Beginning at the line that contains "Whale Flotilla Extra", reproduce the entries below exactly, ending with the line that contains "Opel Corsa 1,2 benzina 2014". Omit each picture.

Source records
........
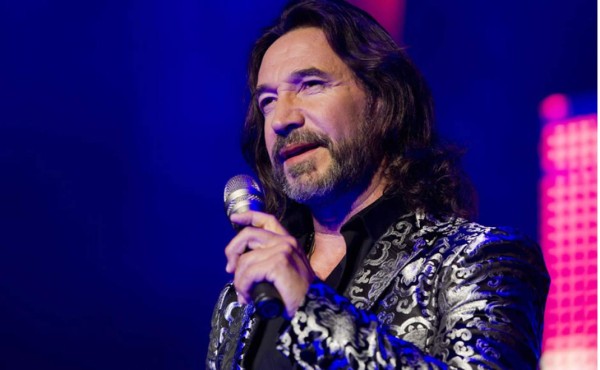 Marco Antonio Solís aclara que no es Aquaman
........
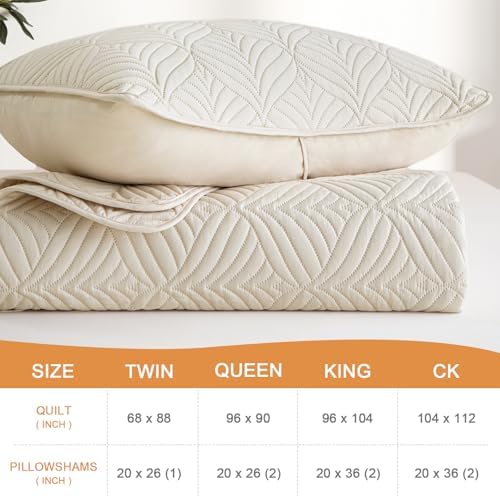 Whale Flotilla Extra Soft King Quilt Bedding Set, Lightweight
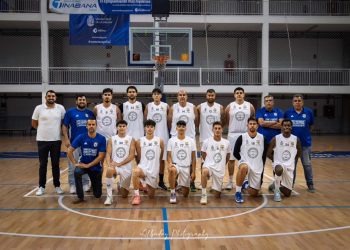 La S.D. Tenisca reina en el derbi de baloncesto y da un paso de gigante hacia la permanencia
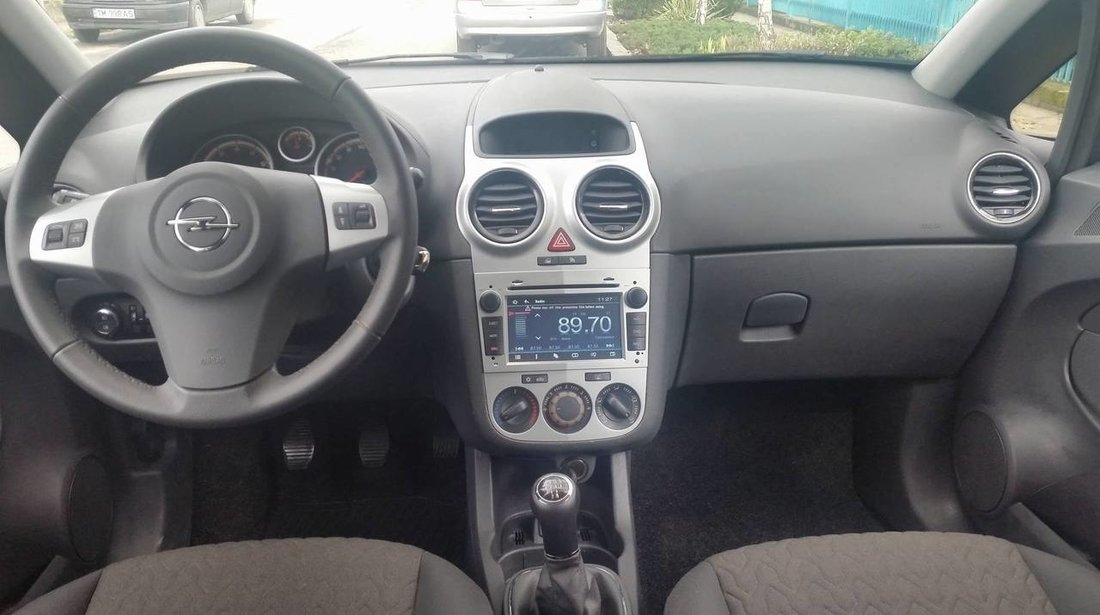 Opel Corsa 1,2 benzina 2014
........
Result of this task
 Whale Flotilla Extra Soft King Quilt Bedding Set, Lightweight
 La S.D. Tenisca reina en el derbi de baloncesto y da un paso de gigante hacia la permanencia
 Opel Corsa 1,2 benzina 2014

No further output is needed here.